We're currently using a VM on Windows and it's a lot slower than the native
linux build (which is expected).
We're looking into getting a dedicated build server for our team (basically a
self-build tower PC). Any suggestions what to put in that build to get the most
out of it?

Currently we're looking at a big Ryzen, 64G of RAM and one or multiple SSDs on a
"consumer grade" board like the X570.
Drop all virtualization and go for Linux on bare metal. Then make sure there
is enough(tm) physical RAM for each CPU thread. For a "big Ryzen" the 64G of RAM
sounds
too little. I'd go higher there, but it all depends what kind of project
is being compiled.

I would also setup CPU, RAM, disk IO and network IO monitoring on the build
machines
and review and monitor the build times and results when the project evolves.
There are
times when most CPUs will be idling and there will be times when IO to disk is
happening even when RAM is available. Linux kernel can be tuned to avoid disk IO
if
RAM is still available for example.
What Mikko said is excellent advice.

I'd recommend NVMe drives if you can. My build machine has two large
M.2 NVMe drives, one is used for the working directory and the other
for sstate, downloads and source checkouts to make the best use of the
available bandwidth. I find that XFS is a better fit than ext4 when
you've got fast drives and highly parallel I/O workloads.

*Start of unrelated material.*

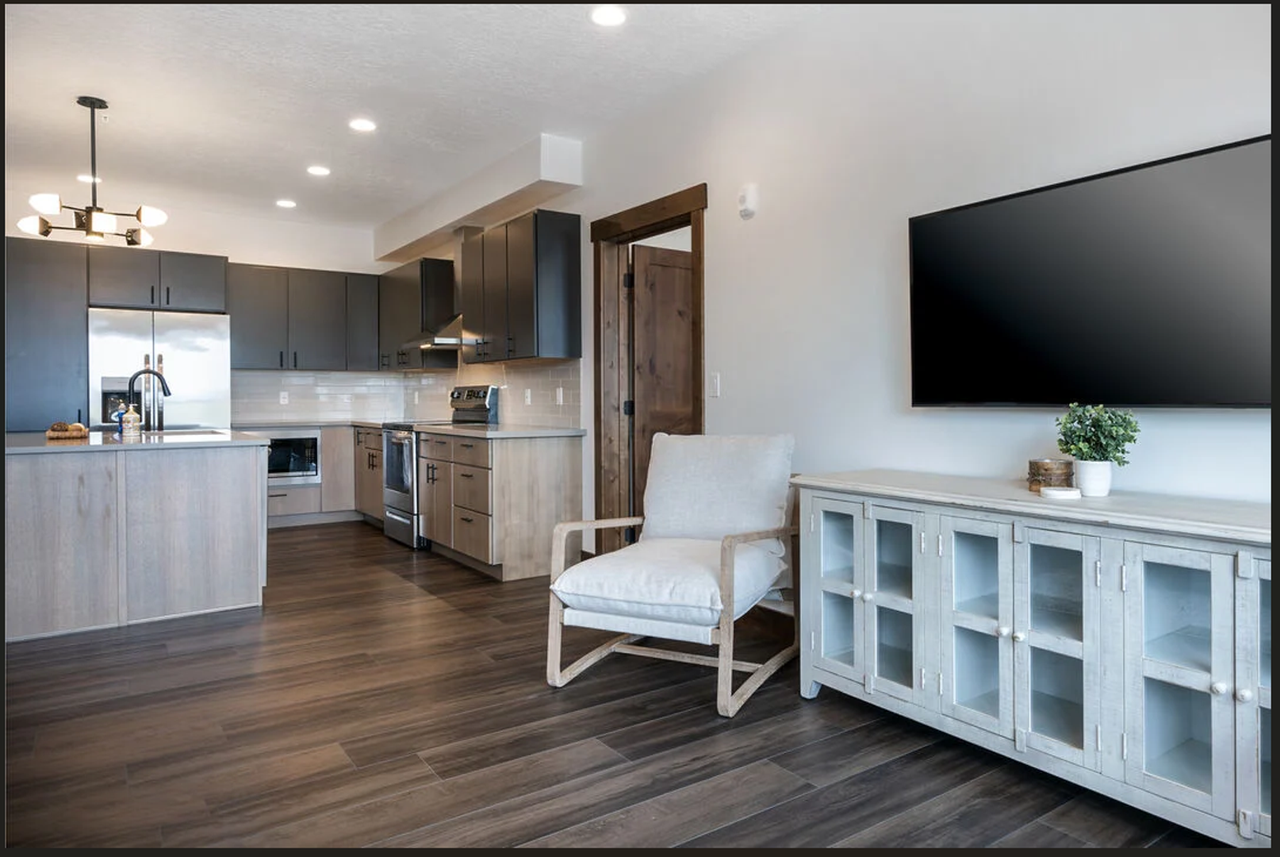 540 Nucleus Ave #304 - Photo 4 of 22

Make sure you spread your RAM across the different memory channels on
your motherboard as this increases memory bandwidth - this usually
means either filling your RAM slots or half-filling them with RAM in
every 2nd slot but you'll need to check the motherboard manual to
confirm the channel layout.

Let me know if you need a detailed review of your proposed setup.

Thanks,
Paul


Alexander Kanavin
 

I have to say that AMD aggressively pursuing core count increase on consumer level CPUs is awesome news for the YP. Previously, you had to buy some hugely overpriced Xeons or similar to be able to work efficiently, or rely on CI doing builds for you which makes interactive development complicated.

Alex


On Wed, 18 Mar 2020 at 15:12, Jean-Marie Lemetayer <jean-marie.lemetayer@...> wrote:
Hi,

In my company we have tested some "big Ryzen" configurations to speed up Yocto builds.

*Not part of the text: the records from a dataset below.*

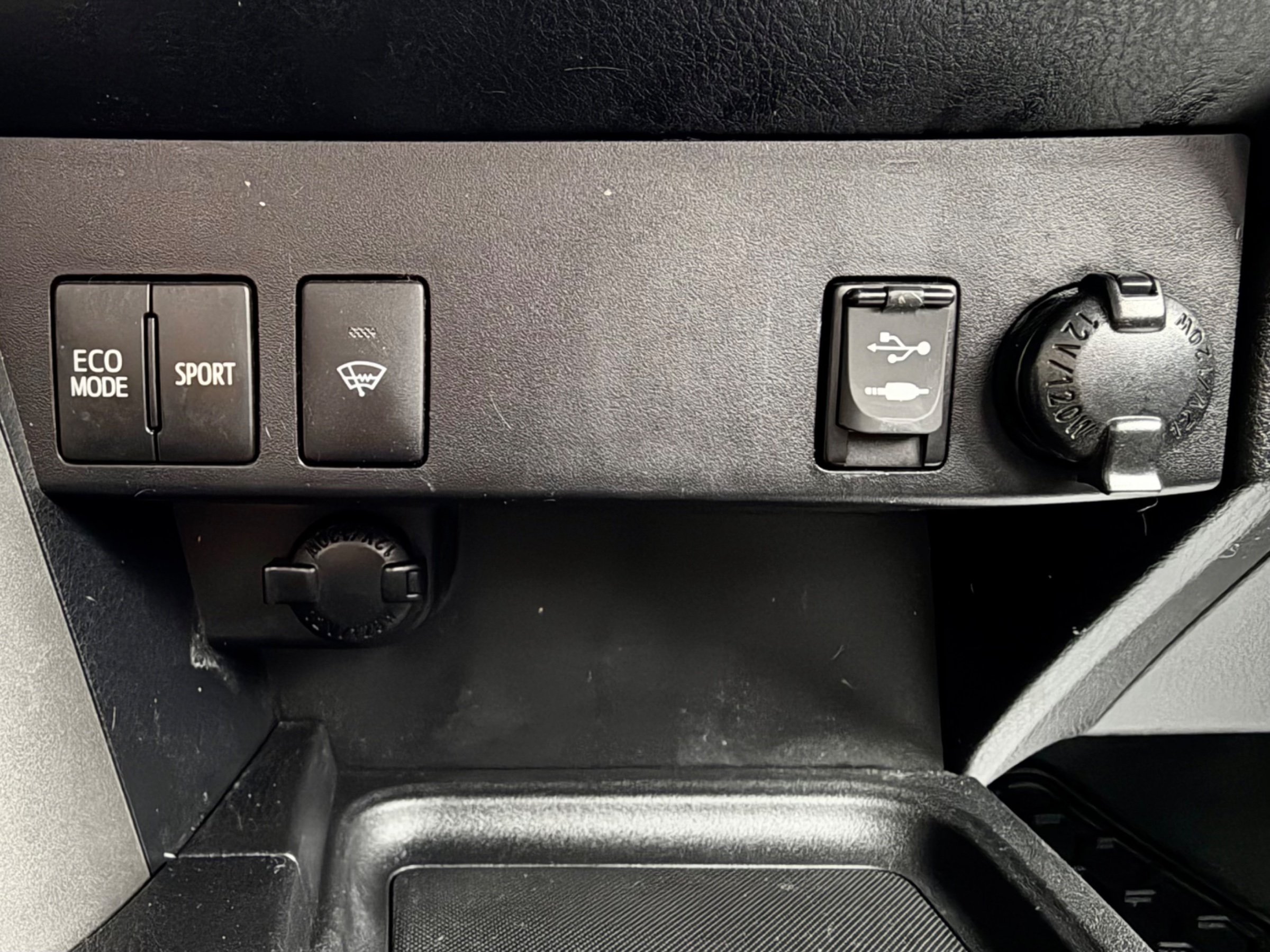 2016 TOYOTA RAV 4 LE AWD | CLEAN CARFAX  — photo 18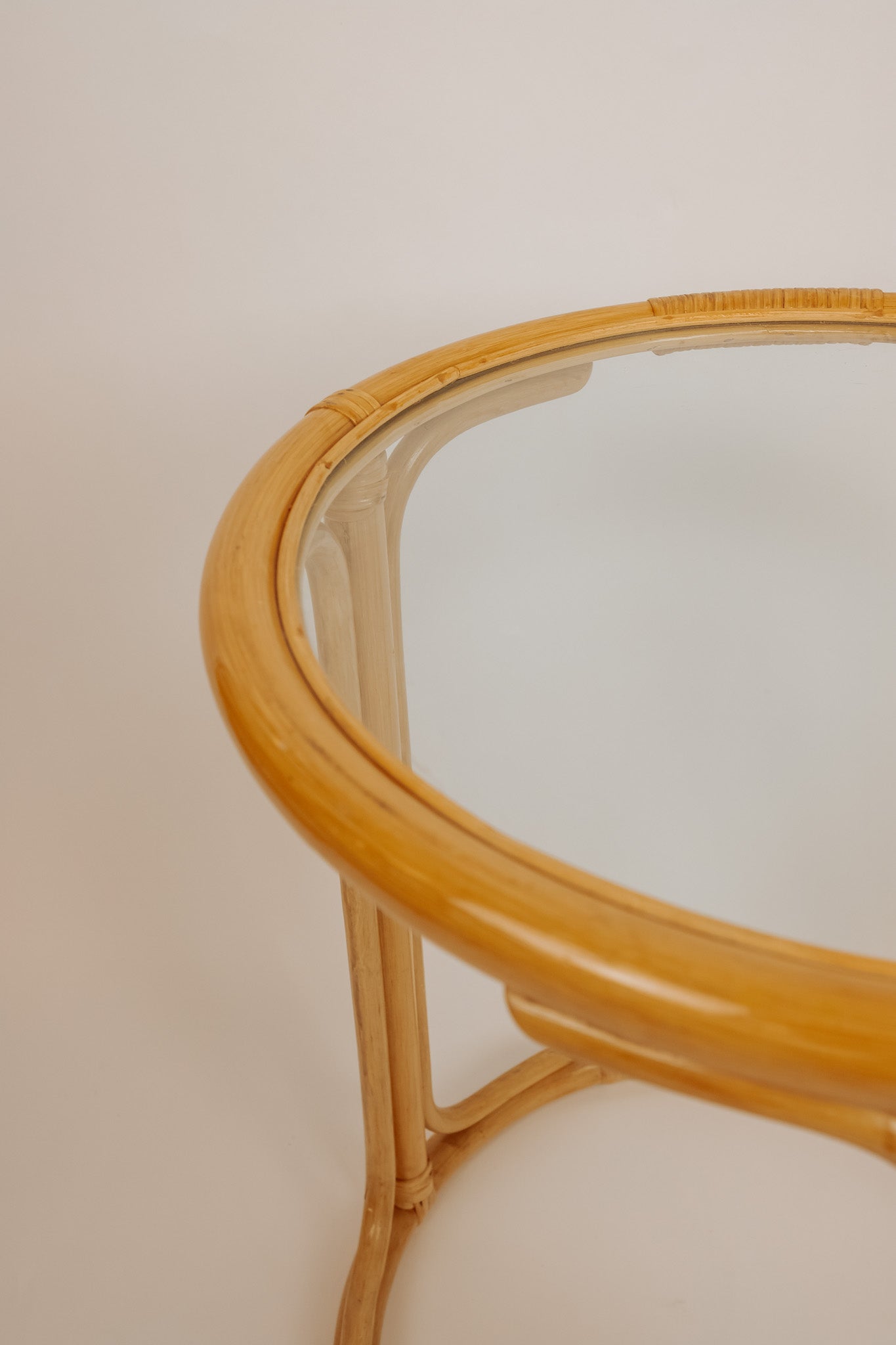 Ronde bamboe bijzettafel met glazen blad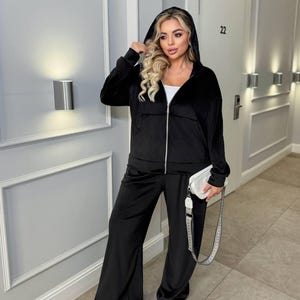 Black Velour Plus Size Tracksuit – Elegant Two-Piece Set with Hoodie and Wide-Leg Pants, Comfortable Women’s Outfit for Home & Street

The conclusion of these tests is that the build time is almost only related to the CPU score: https://www.cpubenchmark.net/high_end_cpus.html

The speed (overclock) and size of the RAM does not influence the build time, neither the the use of a SATA SSD or a NVME.

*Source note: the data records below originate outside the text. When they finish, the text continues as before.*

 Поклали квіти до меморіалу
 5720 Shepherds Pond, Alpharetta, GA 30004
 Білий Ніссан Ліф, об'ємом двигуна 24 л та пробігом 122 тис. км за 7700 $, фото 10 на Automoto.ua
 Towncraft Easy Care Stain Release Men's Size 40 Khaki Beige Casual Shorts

For example one of our build servers is using:
- AMD Ryzen 9 3900X
- ASUS PRIME X570-P
- 32Go DDR4 3200 MHZ CL14
- 500Go SSD

It is a really good price / build time ratio configuration.

Best regards,
Jean-Marie

On Mar 18, 2020, at 2:29 PM, Paul Barker pbarker@... wrote:
> On Wed, 18 Mar 2020 at 13:01, Mikko Rapeli <mikko.rapeli@...> wrote:
>>
>> On Wed, Mar 18, 2020 at 05:52:37AM -0700, Oliver Westermann wrote:
>> > Hey,
>> >
>> > We're currently using a VM on Windows and it's a lot slower than the native
>> > linux build (which is expected).
>> > We're looking into getting a dedicated build server for our team (basically a
>> > self-build tower PC). Any suggestions what to put in that build to get the most
>> > out of it?
>> >
>> > Currently we're looking at a big Ryzen, 64G of RAM and one or multiple SSDs on a
>> > "consumer grade" board like the X570.
>>
>> Drop all virtualization and go for Linux on bare metal. Then make sure there
>> is enough(tm) physical RAM for each CPU thread. For a "big Ryzen" the 64G of RAM
>> sounds
>> too little. I'd go higher there, but it all depends what kind of project
>> is being compiled.
>>
>> I would also setup CPU, RAM, disk IO and network IO monitoring on the build
>> machines
>> and review and monitor the build times and results when the project evolves.
>> There are
>> times when most CPUs will be idling and there will be times when IO to disk is
>> happening even when RAM is available. Linux kernel can be tuned to avoid disk IO
>> if
>> RAM is still available for example.
>
> What Mikko said is excellent advice.
>
> I'd recommend NVMe drives if you can. My build machine has two large
> M.2 NVMe drives, one is used for the working directory and the other
> for sstate, downloads and source checkouts to make the best use of the
> available bandwidth. I find that XFS is a better fit than ext4 when
> you've got fast drives and highly parallel I/O workloads.
>
> Make sure you spread your RAM across the different memory channels on
> your motherboard as this increases memory bandwidth - this usually
> means either filling your RAM slots or half-filling them with RAM in
> every 2nd slot but you'll need to check the motherboard manual to
> confirm the channel layout.
>
> Let me know if you need a detailed review of your proposed setup.
>
> Thanks,
> Paul
>
>


Mike Looijmans
 

On 18-03-2020 15:09, Mike Looijmans via Lists.Yoctoproject.Org wrote:
Big ryzen is a good choice.
My home rig is a Ryzen 1900, with only 8GB RAM. It's way faster at OE yocto builds than the i7 at work that has 32GB RAM installed.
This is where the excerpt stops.